LJR: Quais são alguns exemplos de meios de notícias nativos digitais na América Latina que estão fazendo um bom trabalho construindo pontes e consenso entre sociedades polarizadas?

VHJ: Há muitos. O Nexo, no Brasil, faz um trabalho muito bom. A Ecofeminita, na Argentina, é uma organização criada por mulheres que está realmente tendo sucesso ao trazer uma perspectiva mais ampla.

La Pulla, [um programa satírico de opinião no YouTube] na Colômbia, está superando as diferenças de idade com sua cobertura, e eles são atenciosos com isso. Eles querem incluir o público jovem e são bem-sucedidos nisso. Seu foco está em trazer suas histórias com humor de uma forma que atraia tanto o público mais velho quanto o mais jovem.
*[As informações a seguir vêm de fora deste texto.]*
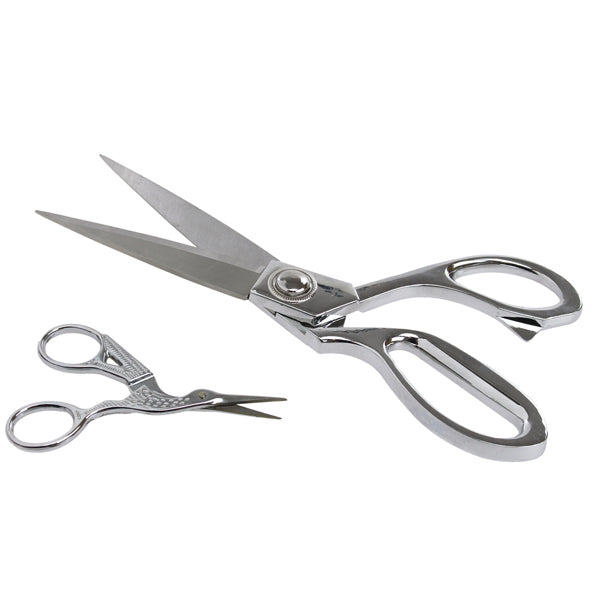 Premium Scissor Set 2Pc 018020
La Cola de Rata também se sai bem com a divisão de idades, tanto com humor quanto com narrativas diferentes.

Também na Colômbia, La Silla Vacía é outro exemplo de inclusão de vozes femininas em reportagens sobre questões de poder. Fiz um estudo com os comentários de seu público e encontrei evidências empíricas de construção de consenso entre homens e mulheres.

Há muitos exemplos de como eles podem ter um público de nicho no qual se concentram, mas que têm o potencial de ser uma ponte entre diferentes públicos.